## TASK DIRECTIONS
Of all the lines in the entries below, give again exactly those starting at the line containing "Royal Copenhagen LIPIZZANER" and ending at the line containing "Floral print below knee lenght pencil skirt", both ends included, and no others.

## WORKING DATA
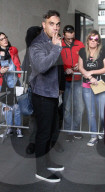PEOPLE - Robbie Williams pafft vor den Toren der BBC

--

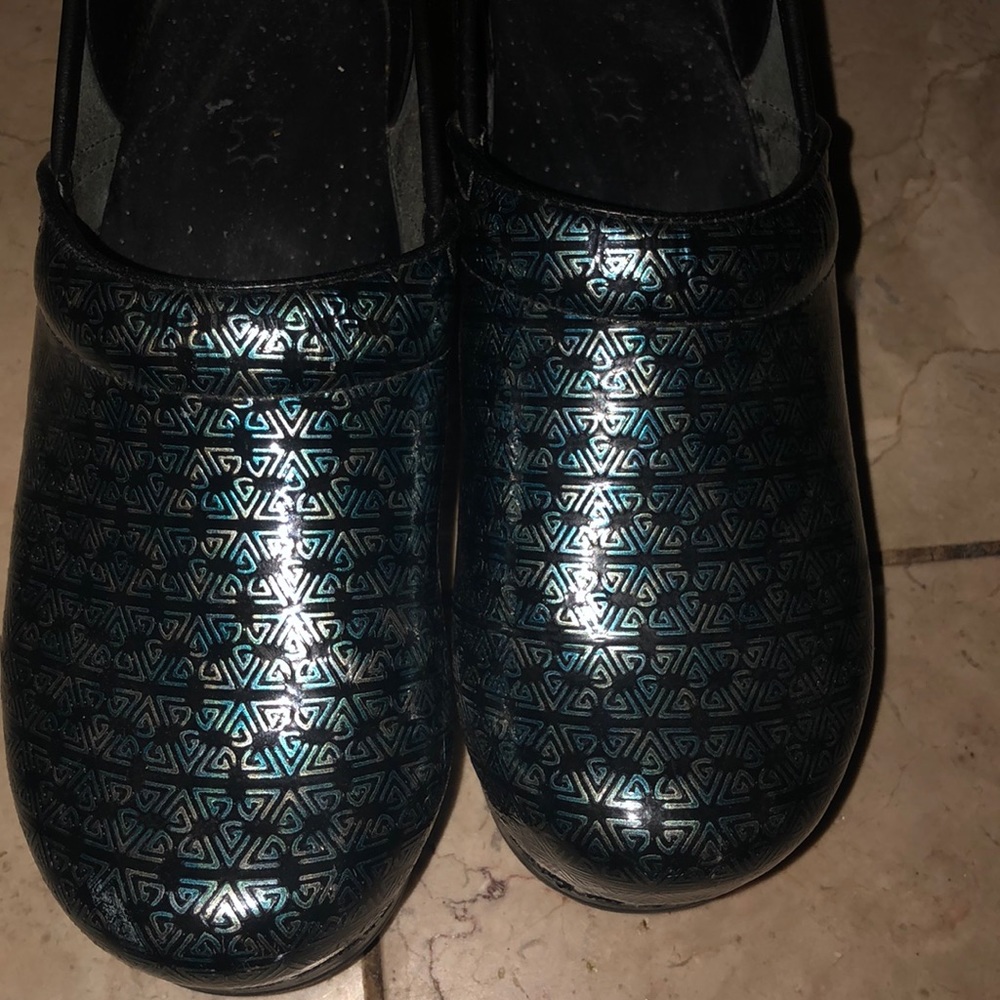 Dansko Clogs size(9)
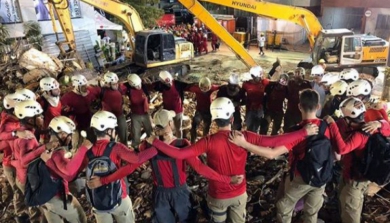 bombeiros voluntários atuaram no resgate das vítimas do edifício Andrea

* * *

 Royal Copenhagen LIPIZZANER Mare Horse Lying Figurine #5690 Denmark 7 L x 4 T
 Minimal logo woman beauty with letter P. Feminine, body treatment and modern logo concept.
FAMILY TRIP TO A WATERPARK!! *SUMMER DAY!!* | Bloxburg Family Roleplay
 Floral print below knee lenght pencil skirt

## TASK SOLUTION
 Royal Copenhagen LIPIZZANER Mare Horse Lying Figurine #5690 Denmark 7 L x 4 T
 Minimal logo woman beauty with letter P. Feminine, body treatment and modern logo concept.
FAMILY TRIP TO A WATERPARK!! *SUMMER DAY!!* | Bloxburg Family Roleplay
 Floral print below knee lenght pencil skirt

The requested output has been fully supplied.